At a theater that isn’t open, Madison asks Jake why he has a gun. Jake tries to tell her not to worry about it, but Madison explains that of course she is going to worry about it as it is a freaking gun. Hadley shows up and Madison gives her uncle a huge hug. Hadley asks where the grandmother is and Madison easily explains that her Uncle Paul picked her up. Hadley sees Jake and says he wants the gun that Jake is holding, which Jake asks what for. Hadley plays along and says it would just make him feel more comfortable and Jake gives him the gun. Now, a cop seeing his niece with her ex and him having a gun that he now gave up, normally you would expect Jake to be in handcuffs, but that isn’t what happens.

Instead, Hadley just asks what is going on here. Madison explains that Jake came over to fix the TV, goes outside, and then runs in, screaming about robots while he has a gun. Jake says he doesn’t know what he saw, but somehow the satellite turned into some sort of “attack droid”. Madison then reveals that the satellite dish is gone. Hadley has this face.

Dear God…What Have I Signed On For?

Hadley then explains that he has to find a cell phone. Jake wonders what is going on and Hadley just tells the two to get in his cop car as they head towards the morgue.
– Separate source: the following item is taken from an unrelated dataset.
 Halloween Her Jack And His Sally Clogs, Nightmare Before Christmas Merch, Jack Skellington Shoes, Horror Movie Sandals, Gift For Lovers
Back at Edwards Airforce Base in Mojave, California…

Yes, We Know This Place. You Told Us Last Time We Were Here The Location. Also, Yes…I Know Edwards Airforce Base And Bakersfield, California Are 90 Miles Apart Despite This Film Making It Seem Like They Are Right Next To Each Other. Do You Really Want Them To Show That Distance Through Driving? Moving On…

In the car, Summers explains to Weston that she found an anomaly during her usual looks at infrared wavelengths. Weston asks how we didn’t pick this wavelength out since we normally can pick up infrared signals from space. Summers thinks this one is different though because she thinks they got a hit.
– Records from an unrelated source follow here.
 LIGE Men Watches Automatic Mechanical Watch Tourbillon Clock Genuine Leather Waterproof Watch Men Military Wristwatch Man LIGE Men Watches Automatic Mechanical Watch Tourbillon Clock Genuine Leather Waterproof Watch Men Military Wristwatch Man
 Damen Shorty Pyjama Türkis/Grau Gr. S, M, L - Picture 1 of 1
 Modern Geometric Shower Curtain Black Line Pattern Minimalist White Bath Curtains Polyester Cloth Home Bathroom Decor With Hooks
While driving to the morgue, Hadley wonders why Jake never told anyone that he had come back a few months ago. Jake just is speechless and Hadley asks Madison if she knows, which she doesn’t. Hadley gets a call about another homicide so he heads there.

At the crime scene, Hadley asks if there were any witnesses and a young kid comes forward. The kid explains that there was no driver in the car and the car just dropped the body off and then drove away.

I’m Sure Someone In A Normal Film Would Easily Say This Is A Traumatized Kid. This Kid’s Acting Would Also Give That Idea.

Back in the car, Madison is wondering what is going on and Jake talks about how he was trained in UAVs (military drones in layman’s terms), Hadley says that they don’t want to jump to conclusions so he doesn’t want to say what is going on as he doesn’t really know. Madison says that at least Jake was doing something unlike Hadley and Hadley says that he is staying calm. Madison wants out of the vehicle and forces them to stop the car. Madison runs off and Hadley has Jake go after her.

Don’t Ask Me Why The Cop Told The Crazy Ex To Chase After His Own Niece, I Didn’t Write The Script. The Crazy Ex Wrote It.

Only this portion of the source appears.